| Activity |
From the entries below, copy every line that has the word "Table".
○ ○ ○ ○
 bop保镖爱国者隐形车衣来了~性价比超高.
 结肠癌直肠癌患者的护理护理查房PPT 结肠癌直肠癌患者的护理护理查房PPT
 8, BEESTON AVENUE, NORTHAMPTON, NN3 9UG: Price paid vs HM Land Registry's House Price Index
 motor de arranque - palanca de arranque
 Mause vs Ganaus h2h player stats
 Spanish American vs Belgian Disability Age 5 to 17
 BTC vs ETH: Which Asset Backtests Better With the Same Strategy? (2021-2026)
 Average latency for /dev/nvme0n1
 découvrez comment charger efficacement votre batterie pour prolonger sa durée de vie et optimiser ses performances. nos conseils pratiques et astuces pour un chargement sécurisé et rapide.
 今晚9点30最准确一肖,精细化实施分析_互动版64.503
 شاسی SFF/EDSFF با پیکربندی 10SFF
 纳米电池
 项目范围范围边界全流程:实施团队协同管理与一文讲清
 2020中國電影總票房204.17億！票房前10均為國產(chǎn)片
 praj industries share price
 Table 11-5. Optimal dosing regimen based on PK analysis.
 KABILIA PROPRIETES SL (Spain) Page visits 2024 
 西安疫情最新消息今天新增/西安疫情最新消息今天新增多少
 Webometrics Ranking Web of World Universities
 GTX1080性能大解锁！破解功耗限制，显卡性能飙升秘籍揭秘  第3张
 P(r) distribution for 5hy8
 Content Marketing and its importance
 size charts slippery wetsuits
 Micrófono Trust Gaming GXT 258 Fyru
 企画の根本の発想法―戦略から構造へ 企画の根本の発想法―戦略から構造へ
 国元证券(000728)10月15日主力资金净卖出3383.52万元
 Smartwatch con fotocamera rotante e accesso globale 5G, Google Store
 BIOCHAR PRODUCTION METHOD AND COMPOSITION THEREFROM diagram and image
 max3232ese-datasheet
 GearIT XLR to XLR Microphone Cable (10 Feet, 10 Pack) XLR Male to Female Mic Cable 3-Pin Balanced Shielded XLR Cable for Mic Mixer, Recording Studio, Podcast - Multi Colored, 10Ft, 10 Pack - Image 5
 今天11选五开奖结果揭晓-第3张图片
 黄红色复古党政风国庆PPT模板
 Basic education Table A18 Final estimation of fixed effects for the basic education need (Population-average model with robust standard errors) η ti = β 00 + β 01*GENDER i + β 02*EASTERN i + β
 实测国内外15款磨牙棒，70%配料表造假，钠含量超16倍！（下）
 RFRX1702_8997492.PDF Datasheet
○ ○ ○ ○
| Answer to this task |
 Table 11-5. Optimal dosing regimen based on PK analysis.
 Basic education Table A18 Final estimation of fixed effects for the basic education need (Population-average model with robust standard errors) η ti = β 00 + β 01*GENDER i + β 02*EASTERN i + β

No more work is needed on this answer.